• Dataset extract:
--

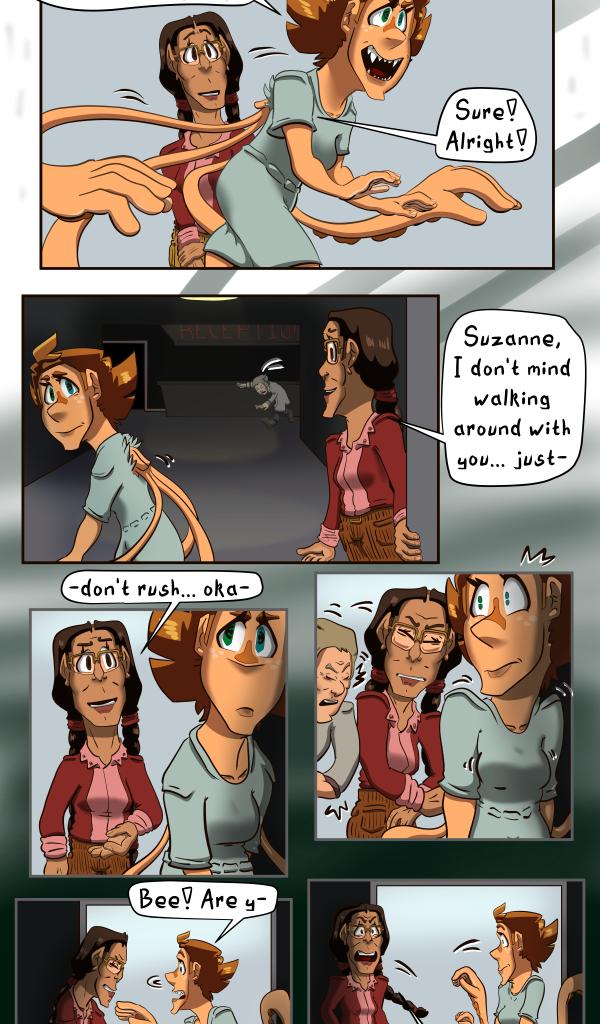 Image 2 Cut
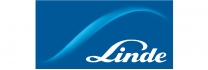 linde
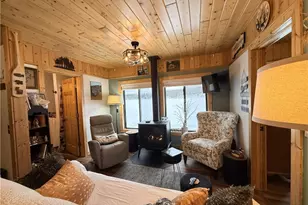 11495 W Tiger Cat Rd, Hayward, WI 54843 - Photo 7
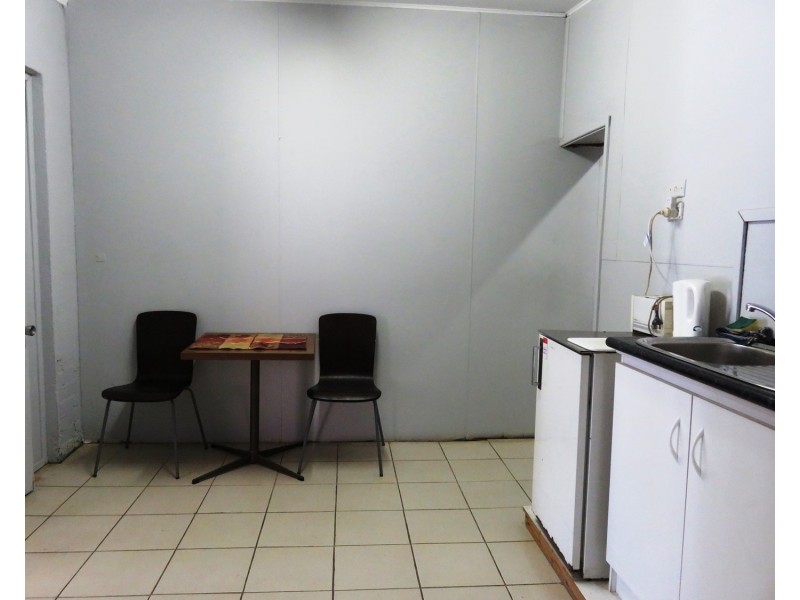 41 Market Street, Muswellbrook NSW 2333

--

• What to produce: Return exactly the lines starting at the line with "11495 W Tiger" and ending at the last line of the listing, both ends included; pictures are to be left out.

• Solution to this problem:
 11495 W Tiger Cat Rd, Hayward, WI 54843 - Photo 7
 41 Market Street, Muswellbrook NSW 2333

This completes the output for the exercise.